The Limited Times

Now you can see non-English news...

Julio César, 70 kilometers from Madrid

2021-04-01T04:40:26.594Z


Located in Segovia, two Roman legionary camps raised to encircle a Vetonian city Julius Caesar stepped on the soil of Hispania twice. The first in 69 BC, as quaestor , a kind of great administrator of Hispania Ulterior, and the second shortly after, in 61 BC. C. and already like propretor , the magistrate that directed the province under the control of the consul of Rome. But César did not pay the bills in his meteoric political career and then chose to seek war to fill his em


Julius Caesar stepped on the soil of Hispania twice.

The first in 69 BC, as

quaestor

, a kind of great administrator of Hispania Ulterior, and the second shortly after, in 61 BC.

C. and already like

propretor

, the magistrate that directed the province under the control of the consul of Rome.

But César did not pay the bills in his meteoric political career and then chose to seek war to fill his empty coffers.

The warlike Lusitanians, who occupied the west of the Peninsula, would become their objective and, together with them, the Vetons, another people of Celtic culture that extended approximately through the current provinces of Ávila, Segovia, Cáceres and Toledo.

So his

oppida

―Fortified cities― should be completely subdued before facing the Lusitanians.

There could be no enemies in the rear.

One of these settlements was found by archaeologist Iván Aguilera in 2016 in El Espinar (Segovia).

He named the Canto-Los Hierros deposit, because it was the name of the rocky outcrop on which the town stood.

Now, this researcher, with the support of the Colectivo Azálvaro cultural association, has made public the identification of at least two of the camps that could be related to those that the Roman military genius raised, about 70 kilometers from Madrid, to open road to Lusitania and kill the vetones.

  • The 40 camps of Augustus in the north of Hispania

The study "

Citadel finícola: the settlement of Canto-Los Hierros (El Espinar-Segovia

)", signed by Aguilera, details that this besieged town was built next to a strategic communication route that would later serve to divide the Roman provinces of Hispania Ulterior and Citerior.

According to the report, “the citadel of Canto-Los Hierros was surely built during the Iron Age, under a natural route between the main fords of the Duero and the Tagus and by an elite of intermediaries in the commercial flow, such as they were the vetones ”.

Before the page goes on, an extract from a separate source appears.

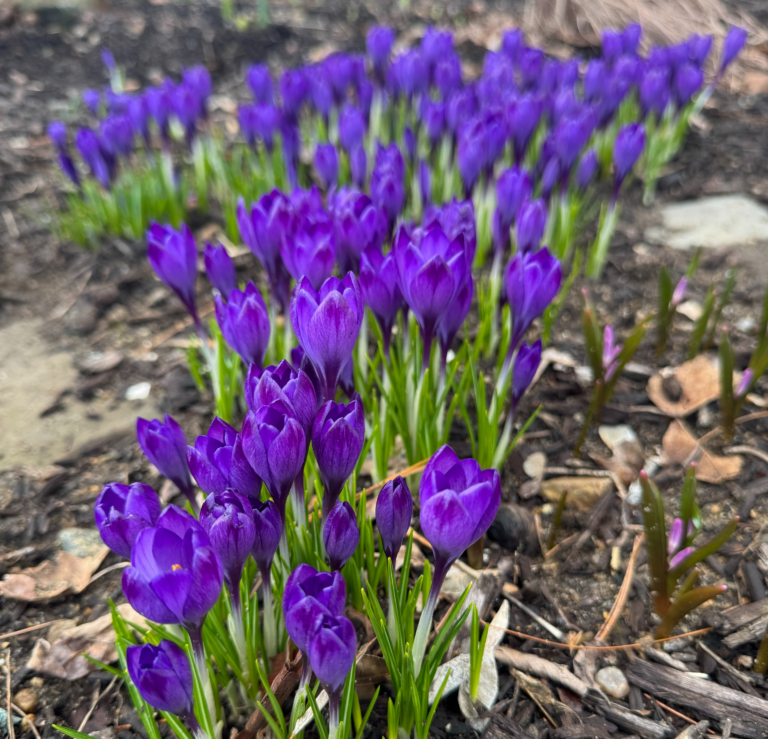 Every New Mover Is a Victory.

In addition, the Segovian fortified city had visual contact with another pre-Roman town, that of Ulaca (Villaviciosa, Ávila), one of the most important known and excavated Veton sites, which had a wall of three kilometers.

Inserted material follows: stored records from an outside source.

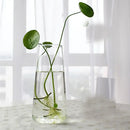GobekUsa Modern Glass Vase Terrarium Aquarium Decoration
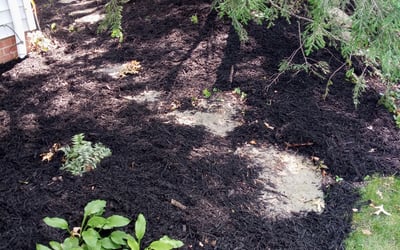 Photo of Shawn M.'s yard after getting landscaping in Olmsted Falls, OH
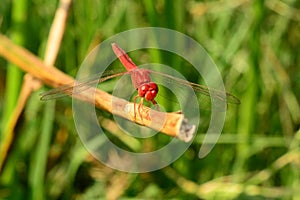 Red dragonfly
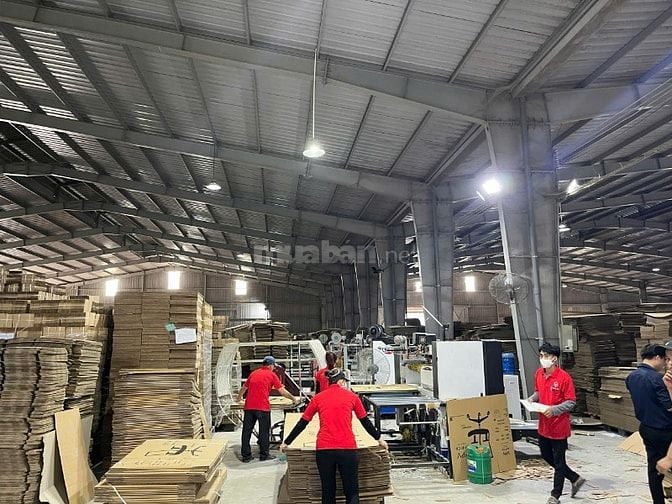 Nhân viên kinh doanh bao bì thùng carton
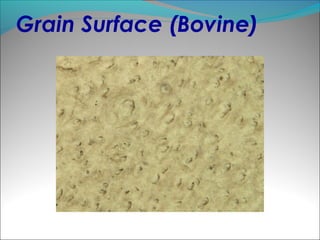 Grain Surface (Bovine)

Roman soldier sandal tack found in El Espinar. Ivan Aguilera

The protohistoric settlement of Canto-Los Hierros, says Aguilera, "is exceptional in itself", because it is situated in the middle of the Central System, more than 1,700 meters above sea level, and because it covers a minimum area of ​​135 hectares, which It includes the Roman camps around it that besieged it.

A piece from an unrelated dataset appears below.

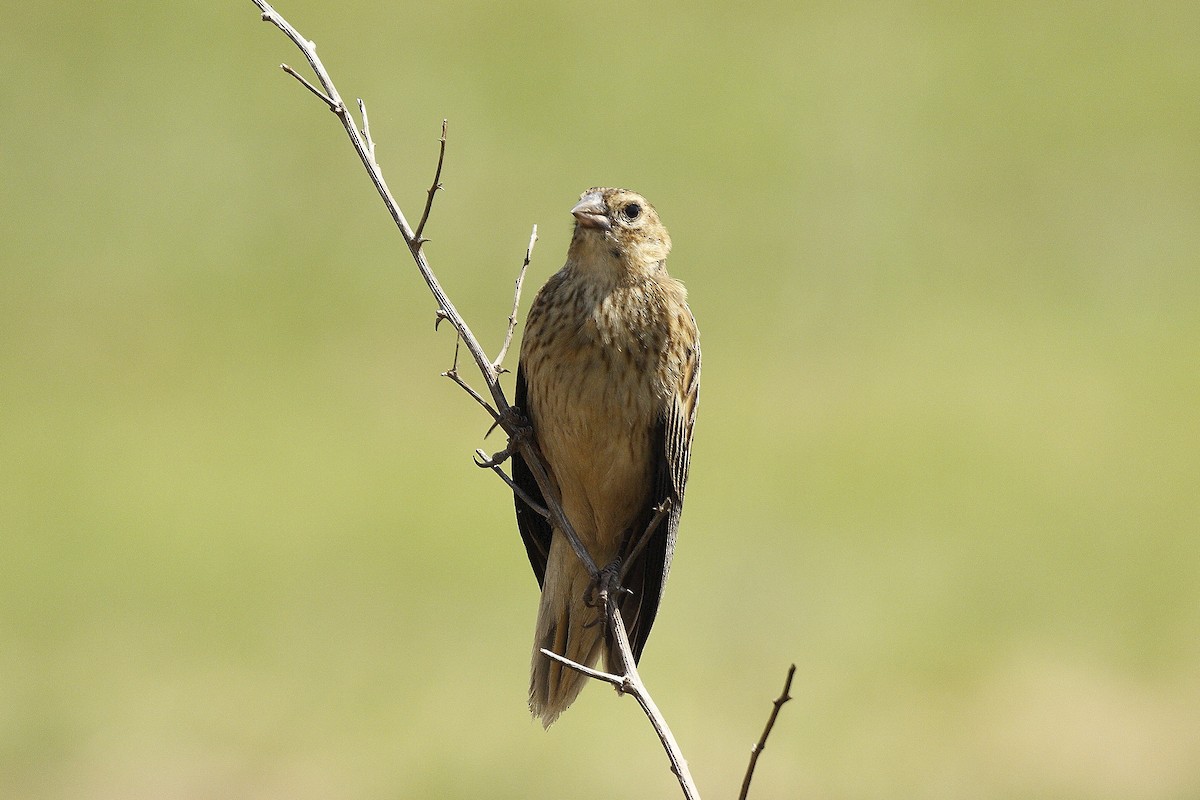Long-tailed Widowbird - ML205819681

"This represents a new opportunity to review the expansion of classical civilization from Lazio to Hispania", he maintains.

For Aguilera, promoter of the archaeological program, it is "a colossal site without parallel in the Peninsula."

But the expert complains of a lack of public aid and difficulties in accessing the fields of the deposit, since they are privately owned.

Laser image of one of the Roman camps of El Espinar.

In red, his front door. Ivan Aguilera

At the moment, four lines of wall have been detected in the Vetonian citadel, which cover an area that would fully fit the current urban area of ​​El Espinar, a municipality of about 9,000 inhabitants.

Associated with this Celtic settlement, the specialist maintains, "the existence of two Roman camps has been corroborated, in which materials dated to the middle of the 1st century before our Era and structures framed in the military models of late-republican Rome have been found." .

For all this, and "because they are the only

castra

[Roman fortified camps] documented so far in the midday of the Duero Valley", the field fortifications located, Aguilera maintains, have great archaeological significance.

These would be a clear antecedent of the well-known Asturcántabra wars that occurred a few decades later, those undertaken between 29 BC and 19 BC by the Emperor Augustus and also associated with a network of camps - up to 40 - to occupy the entire north of the peninsula.

When Rome defeated a town in Hispania, it used to dismantle its fortified settlements to avoid reoccupation.

He created others in the valleys that followed Latin architecture and urbanism.

In the case of the old city of El Espinar, he had to lower the population from 1,700 meters to the green valleys of Segovia.


Source: elparis

All life articles on 2021-04-01

You may like

Trends 24h

Latest

© Communities 2019 - Privacy

The information on this site is from external sources that are not under our control.
The inclusion of any links does not necessarily imply a recommendation or endorse the views expressed within them.